Crawley: Perth Commissioners caught between ‘rock and a hard place’ with UWA’s Forrest Hall

Artist’s impression of the view down on Forrest Hall stage one and two. Picture: Kerry Hill Architects
Artist’s impression of the view down on Forrest Hall stage one and two. Picture: Kerry Hill Architects

CITY of Perth commissioners are caught between “a rock and a hard place” with Forrest Hall 2 plans.

The commissioners voted last week to advise the Western Australian Planning Commission (WAPC) that Council recommends approval for UWA’s mixed-use development in Crawley, which will contain nine scholar rooms, 65 short-stay accommodation rooms and 38 car bays.

A number of locals spoke against the project at the council meeting.

City of Perth Western Residents Association Inc president Anna Vanderbom said residents were “appalled at UWA’s apparent lack of consultation”.

“Our residents value Matilda Bay, and we’ve had an overwhelming response that they’re not happy,” she said.

Chair commissioner Eric Lumsden said the City was a referral body, not a decision maker for the project.

“The City is here between a rock and a hard place,” he said.

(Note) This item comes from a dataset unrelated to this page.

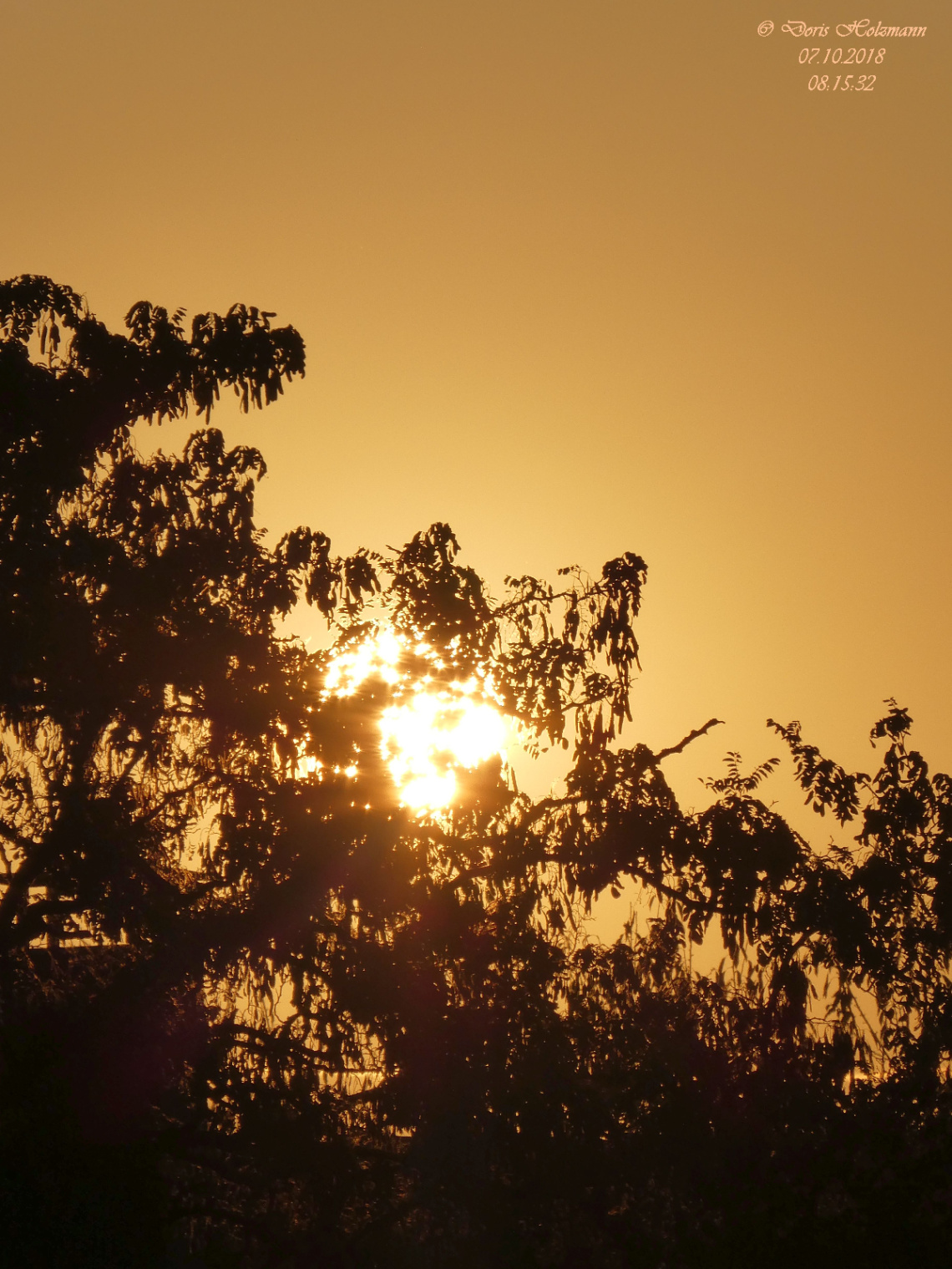 sunrise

Mr Lumsden suggested amending the motion to advise the WAPC to suggest more consultation between UWA and residents, but told residents in the gallery it would not be binding.

“The council nor the commission can force UWA to have that consultation,” he said.

Commissioner Andrew Hammond said he could understand the residents’ frustrations, and thought the commissioners could also pursue better communication between the community and UWA’s senior stakeholders.

“Our role as an advocate is to pass on to decision makers the very valid concerns of residents,” he said.

A UWA spokesman told Guardian Express that on current planning, construction is set to begin in the second half of 2019 with a completion date of 2021.

“Access to the foreshore for neighbours will be maintained during construction, and the design of the project will result in improved public access to the Swan River,” he said.

The spokesman said UWA would communicate with the community as plans progressed and that the university was currently consulting with stakeholders in adjoining properties.